- **Requirement**
Please repeat only the lines below starting at the line that holds "Vecalon Collana di" and ending at the line that holds "Manga corta Tallas", exactly, with both of those lines included and every picture omitted.

- **Records for this task**
::::

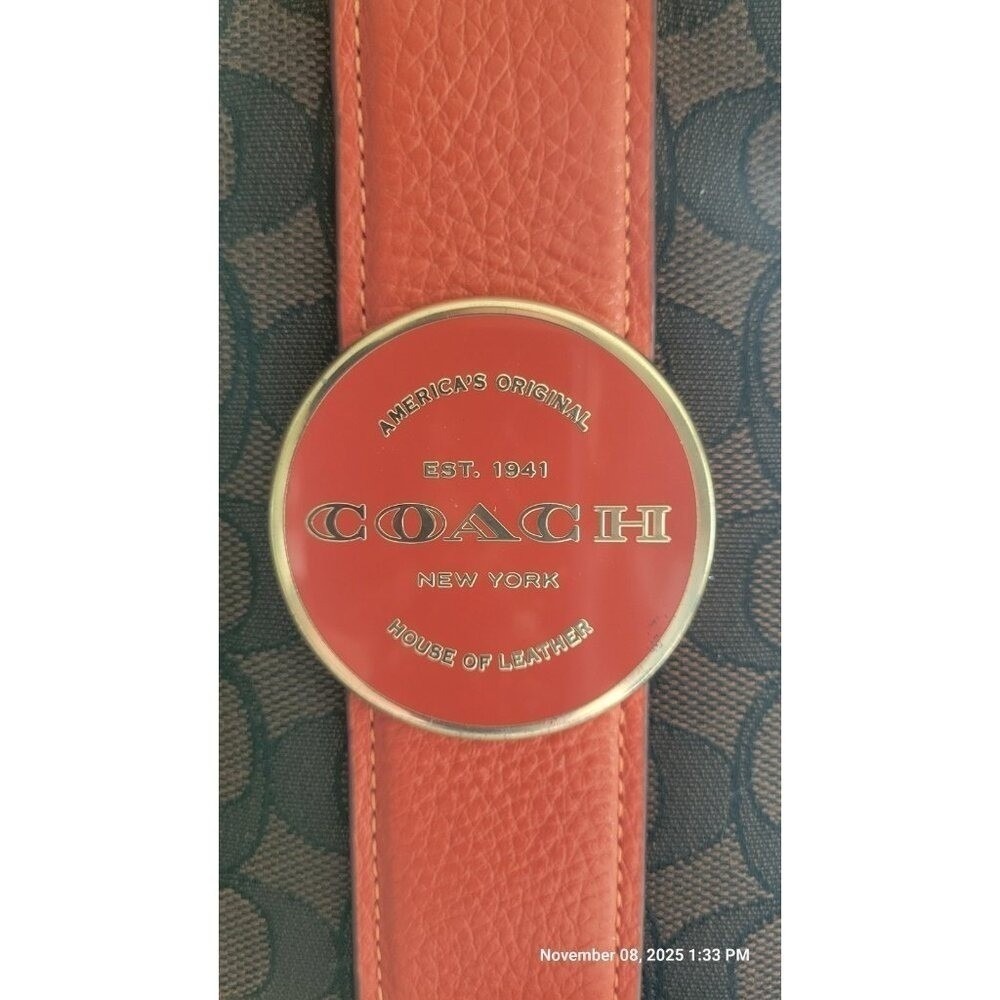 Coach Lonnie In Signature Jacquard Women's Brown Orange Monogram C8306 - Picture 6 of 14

::::

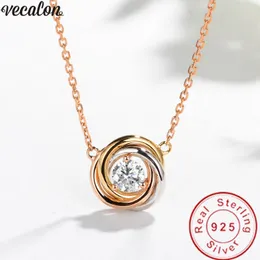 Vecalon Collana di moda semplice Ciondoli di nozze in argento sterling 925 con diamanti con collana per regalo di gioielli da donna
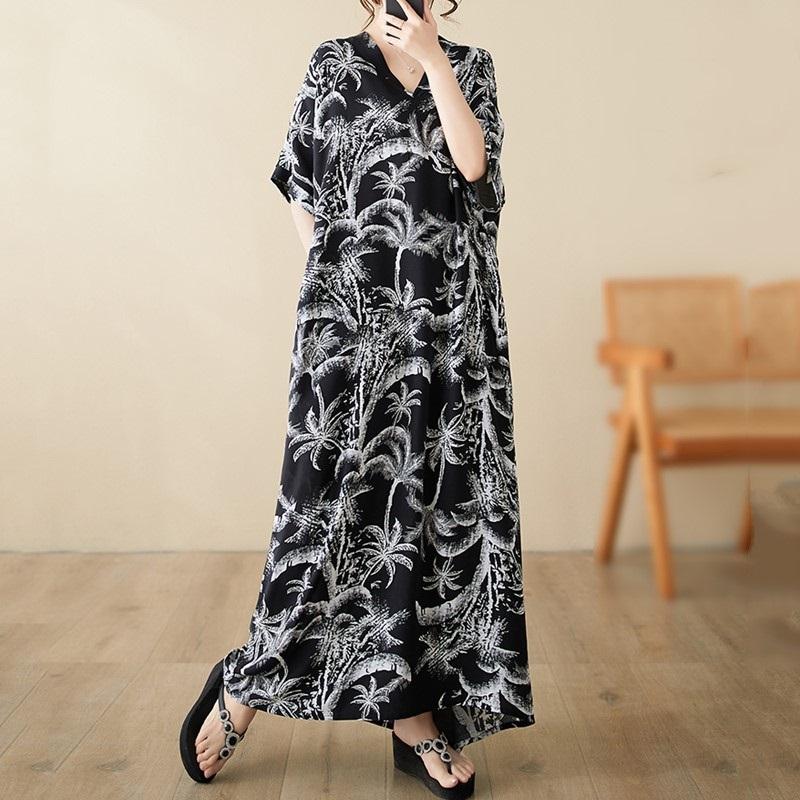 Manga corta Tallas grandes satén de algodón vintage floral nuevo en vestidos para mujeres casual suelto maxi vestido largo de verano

::::

- **Task response**
 Vecalon Collana di moda semplice Ciondoli di nozze in argento sterling 925 con diamanti con collana per regalo di gioielli da donna
 Manga corta Tallas grandes satén de algodón vintage floral nuevo en vestidos para mujeres casual suelto maxi vestido largo de verano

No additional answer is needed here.